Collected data
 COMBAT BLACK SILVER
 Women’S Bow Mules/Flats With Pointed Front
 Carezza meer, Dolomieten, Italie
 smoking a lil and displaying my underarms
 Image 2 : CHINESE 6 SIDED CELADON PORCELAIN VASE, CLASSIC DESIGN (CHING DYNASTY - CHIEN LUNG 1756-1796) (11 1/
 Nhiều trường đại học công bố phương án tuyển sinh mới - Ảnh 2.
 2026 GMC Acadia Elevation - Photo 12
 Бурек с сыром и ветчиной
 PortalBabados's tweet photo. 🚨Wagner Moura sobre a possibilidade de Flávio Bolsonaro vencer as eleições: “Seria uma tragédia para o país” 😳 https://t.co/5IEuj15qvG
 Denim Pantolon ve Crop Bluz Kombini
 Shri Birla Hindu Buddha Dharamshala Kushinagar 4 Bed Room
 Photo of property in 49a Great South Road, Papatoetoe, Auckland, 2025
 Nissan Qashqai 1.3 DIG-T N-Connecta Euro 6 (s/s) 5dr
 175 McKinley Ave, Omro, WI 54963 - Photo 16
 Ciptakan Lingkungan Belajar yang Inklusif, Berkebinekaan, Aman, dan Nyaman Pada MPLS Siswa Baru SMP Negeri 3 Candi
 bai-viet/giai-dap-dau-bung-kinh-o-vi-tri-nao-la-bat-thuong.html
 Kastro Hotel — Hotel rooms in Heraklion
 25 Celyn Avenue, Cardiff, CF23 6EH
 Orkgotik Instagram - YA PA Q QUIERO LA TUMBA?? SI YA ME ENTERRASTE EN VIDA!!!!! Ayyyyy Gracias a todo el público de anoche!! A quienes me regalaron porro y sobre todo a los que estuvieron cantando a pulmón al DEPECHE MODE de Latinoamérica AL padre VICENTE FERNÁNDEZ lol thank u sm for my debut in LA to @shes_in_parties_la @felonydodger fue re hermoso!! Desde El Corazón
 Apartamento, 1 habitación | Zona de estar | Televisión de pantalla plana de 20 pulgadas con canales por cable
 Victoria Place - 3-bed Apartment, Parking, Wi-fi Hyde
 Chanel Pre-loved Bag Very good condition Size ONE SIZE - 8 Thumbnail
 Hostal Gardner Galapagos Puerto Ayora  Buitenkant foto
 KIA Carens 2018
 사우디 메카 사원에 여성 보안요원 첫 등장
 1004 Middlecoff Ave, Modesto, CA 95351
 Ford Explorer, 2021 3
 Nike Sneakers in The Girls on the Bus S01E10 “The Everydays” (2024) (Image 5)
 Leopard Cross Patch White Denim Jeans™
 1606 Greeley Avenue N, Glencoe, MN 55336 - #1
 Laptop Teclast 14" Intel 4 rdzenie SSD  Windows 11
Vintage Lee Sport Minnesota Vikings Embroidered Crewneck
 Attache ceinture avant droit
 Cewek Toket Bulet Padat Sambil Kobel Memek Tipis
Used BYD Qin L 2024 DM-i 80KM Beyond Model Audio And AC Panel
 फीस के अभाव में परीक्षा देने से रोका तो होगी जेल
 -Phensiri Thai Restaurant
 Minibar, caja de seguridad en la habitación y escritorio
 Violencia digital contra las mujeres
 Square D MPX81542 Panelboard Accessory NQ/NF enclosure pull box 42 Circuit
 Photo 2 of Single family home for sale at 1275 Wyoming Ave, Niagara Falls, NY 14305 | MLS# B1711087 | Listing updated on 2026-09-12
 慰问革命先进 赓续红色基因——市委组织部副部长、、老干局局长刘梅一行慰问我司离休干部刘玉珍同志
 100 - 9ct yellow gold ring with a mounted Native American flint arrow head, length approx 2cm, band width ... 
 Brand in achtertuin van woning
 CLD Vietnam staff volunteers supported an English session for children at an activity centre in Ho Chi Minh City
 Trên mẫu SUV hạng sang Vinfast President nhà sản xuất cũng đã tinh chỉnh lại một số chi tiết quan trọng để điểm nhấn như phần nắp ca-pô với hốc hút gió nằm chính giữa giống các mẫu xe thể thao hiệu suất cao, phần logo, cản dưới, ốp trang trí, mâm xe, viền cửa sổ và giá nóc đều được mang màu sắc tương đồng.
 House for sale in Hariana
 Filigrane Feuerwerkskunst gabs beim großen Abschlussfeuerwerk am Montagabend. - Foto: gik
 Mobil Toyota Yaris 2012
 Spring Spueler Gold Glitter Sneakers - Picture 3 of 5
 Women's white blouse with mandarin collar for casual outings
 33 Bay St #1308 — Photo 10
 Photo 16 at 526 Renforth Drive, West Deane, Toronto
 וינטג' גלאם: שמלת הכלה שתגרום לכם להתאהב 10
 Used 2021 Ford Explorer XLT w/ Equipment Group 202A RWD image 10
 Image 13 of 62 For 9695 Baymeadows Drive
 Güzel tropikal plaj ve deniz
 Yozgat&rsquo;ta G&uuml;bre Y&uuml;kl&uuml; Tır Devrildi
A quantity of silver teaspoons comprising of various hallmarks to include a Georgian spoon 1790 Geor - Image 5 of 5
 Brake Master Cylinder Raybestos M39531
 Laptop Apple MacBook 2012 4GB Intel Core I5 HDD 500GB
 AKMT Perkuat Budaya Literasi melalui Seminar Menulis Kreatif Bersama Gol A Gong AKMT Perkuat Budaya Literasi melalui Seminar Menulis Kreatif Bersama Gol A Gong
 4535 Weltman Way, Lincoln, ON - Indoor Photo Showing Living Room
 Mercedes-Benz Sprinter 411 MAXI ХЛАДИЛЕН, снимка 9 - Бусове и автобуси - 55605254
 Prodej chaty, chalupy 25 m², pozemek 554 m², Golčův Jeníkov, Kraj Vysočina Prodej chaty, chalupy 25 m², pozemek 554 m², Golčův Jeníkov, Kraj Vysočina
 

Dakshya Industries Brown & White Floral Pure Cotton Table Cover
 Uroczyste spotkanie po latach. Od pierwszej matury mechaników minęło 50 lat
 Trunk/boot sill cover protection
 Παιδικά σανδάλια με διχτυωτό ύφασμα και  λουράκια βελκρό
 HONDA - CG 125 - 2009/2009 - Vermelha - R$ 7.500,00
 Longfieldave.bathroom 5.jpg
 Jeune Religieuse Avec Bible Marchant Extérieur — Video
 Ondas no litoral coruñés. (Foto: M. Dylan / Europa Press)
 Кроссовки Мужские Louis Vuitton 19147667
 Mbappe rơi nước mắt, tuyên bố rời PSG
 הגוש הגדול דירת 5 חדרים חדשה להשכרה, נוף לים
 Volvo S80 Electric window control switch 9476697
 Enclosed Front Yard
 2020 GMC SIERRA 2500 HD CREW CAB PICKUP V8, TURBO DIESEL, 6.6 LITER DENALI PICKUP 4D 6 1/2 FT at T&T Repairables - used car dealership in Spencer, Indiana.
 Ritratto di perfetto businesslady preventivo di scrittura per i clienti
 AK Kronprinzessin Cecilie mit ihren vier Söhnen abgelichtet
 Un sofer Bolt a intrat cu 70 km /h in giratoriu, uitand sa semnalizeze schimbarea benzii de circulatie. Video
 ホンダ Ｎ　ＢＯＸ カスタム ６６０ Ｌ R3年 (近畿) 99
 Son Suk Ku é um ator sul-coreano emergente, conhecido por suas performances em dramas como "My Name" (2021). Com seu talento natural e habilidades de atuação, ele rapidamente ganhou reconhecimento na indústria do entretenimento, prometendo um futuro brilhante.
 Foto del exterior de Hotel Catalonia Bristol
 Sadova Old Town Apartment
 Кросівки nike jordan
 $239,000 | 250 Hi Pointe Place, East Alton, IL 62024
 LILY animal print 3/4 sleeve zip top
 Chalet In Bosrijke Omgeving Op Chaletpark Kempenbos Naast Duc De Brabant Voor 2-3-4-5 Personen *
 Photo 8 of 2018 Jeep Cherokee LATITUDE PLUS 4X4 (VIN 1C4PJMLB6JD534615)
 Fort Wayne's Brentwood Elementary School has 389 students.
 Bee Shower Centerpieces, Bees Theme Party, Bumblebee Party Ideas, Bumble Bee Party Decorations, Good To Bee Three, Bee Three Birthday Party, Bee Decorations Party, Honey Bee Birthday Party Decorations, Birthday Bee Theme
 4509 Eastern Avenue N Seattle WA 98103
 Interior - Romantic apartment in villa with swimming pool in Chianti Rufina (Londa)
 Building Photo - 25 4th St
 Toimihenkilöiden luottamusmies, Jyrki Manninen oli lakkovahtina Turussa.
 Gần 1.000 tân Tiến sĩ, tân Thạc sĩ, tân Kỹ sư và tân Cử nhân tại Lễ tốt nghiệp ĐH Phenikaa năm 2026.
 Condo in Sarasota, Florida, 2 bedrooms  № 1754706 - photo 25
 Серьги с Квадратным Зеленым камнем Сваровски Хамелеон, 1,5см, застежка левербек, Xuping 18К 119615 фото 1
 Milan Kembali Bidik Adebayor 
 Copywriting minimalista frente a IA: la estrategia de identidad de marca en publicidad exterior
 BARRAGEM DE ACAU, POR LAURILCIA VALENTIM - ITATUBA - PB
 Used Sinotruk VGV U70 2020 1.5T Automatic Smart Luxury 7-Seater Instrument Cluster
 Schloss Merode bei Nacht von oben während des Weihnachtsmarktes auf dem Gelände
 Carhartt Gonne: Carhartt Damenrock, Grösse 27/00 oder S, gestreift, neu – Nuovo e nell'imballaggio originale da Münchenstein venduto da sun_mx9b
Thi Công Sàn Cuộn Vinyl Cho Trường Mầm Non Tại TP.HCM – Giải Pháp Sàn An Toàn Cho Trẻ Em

## What is being asked
Every line in the entries above that mentions the word "Video" must be shown.

## Output for this task
 Jeune Religieuse Avec Bible Marchant Extérieur — Video
 Un sofer Bolt a intrat cu 70 km /h in giratoriu, uitand sa semnalizeze schimbarea benzii de circulatie. Video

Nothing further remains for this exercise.